What was it like growing up in a rural setting such as Ijoun?
I grew up in the palace. Anyway, Ijoun is rural, but the people in Ijoun are exposed. We have other people, who are not really rural; people that are from urban centres, who have come to settle down in Ijoun. Sometimes, when you look at Ijoun, yes, Ijoun is rural, but we have a lot of people who are from the urban centres. We have people from Abeokuta. We have Lagosians. We have Ogbomosho people. We have the Ejigbo people. We have Ola people. We have people from Ilorin, Kwara State that settled here in Ijoun. We have the Ibo people. We have the Hausa. And Ijoun is blessed with a very big market and that gives Ijoun the kind of popularity it has among other towns and villages in this area. Ijoun is very close to the border, anyway, and we have the Nigeria Customs Service here. The Nigeria Customs Service came here in 1955 and up till today, they are still here. We have the Nigeria Immigration Service (NIS) here. We have the SSS. We have the police, and it makes this town more or less a mini -urban centre because we have constant electricity supply here. We have schools, the Community Secondary school and private secondary schools. We have nursery and primary schools owned by private persons and the government. So, if we have public schools and we have private schools, I think, it is as if we are almost enjoying what the people in the urban centres are also enjoying. I always encourage my people and visitors to come and settle down in Ijoun. When you settle in Ijoun, you settle for great things to come your way.
Apart from your people who urged you to participate in politics, what exactly motivated you?
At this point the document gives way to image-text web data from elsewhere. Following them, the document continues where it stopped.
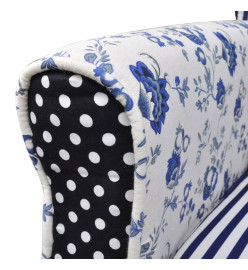 Fauteuil avec design de patchwork Tissu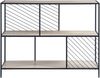 Konsolentisch Övertorneå 100x30x75 cm Schwarz/Eiche [en. casa] Bild 5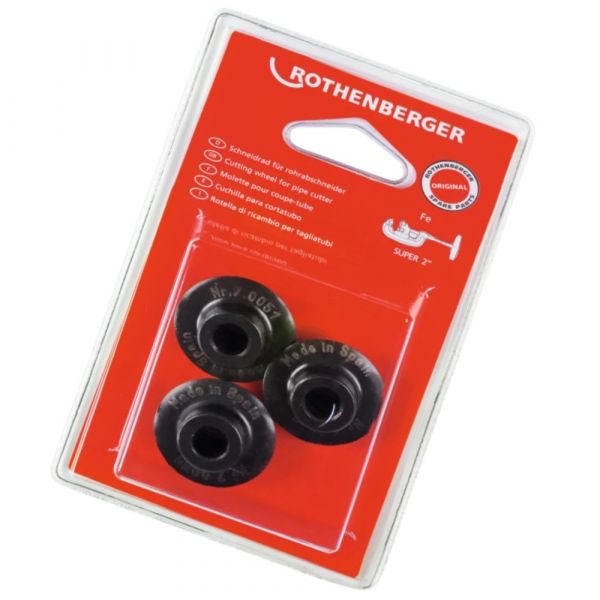 3 Peças Lâmina de Reposição para Cortador de Tubos 2 Pol. 70051D Rothenberger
It has been part and parcel of me; it is just like any of my children, saying he or she wants to go into politics. It is like transiting from one place to another. As a monarch, I believe politics starts from the palace. In those days, we had the Obas doing most of the things people are doing now. Obas were presiding over local courts to settle scores and differences between a husband and his wife, to settle land matters and to settle other petty things that did not necessarily require going to courts. And in those days, anybody who wanted to become anything, politically, must pass through the head of the community. At least, I would say, it is a kind of inheritance to me, because politics was, in those days, actively played in the palace. I was very close to my dad and I witnessed many of his day-to-day activities in the palace. So, I was used to the palace, where everything started. Going into politics was not new, because I was an activist when I was in the secondary school. I knew the kind of groups I belonged. Even in my primary school days, I knew the kind of people I mingled with, and my responsibilities to my colleagues, then. The issue remains that, people knew my antecedent and they believed that my representation would be of immense benefit to them. We had others who had been representing us and probably when they used one term, they settled for another person. But I want to say, that while I was a Customs officer, I still played many roles at home.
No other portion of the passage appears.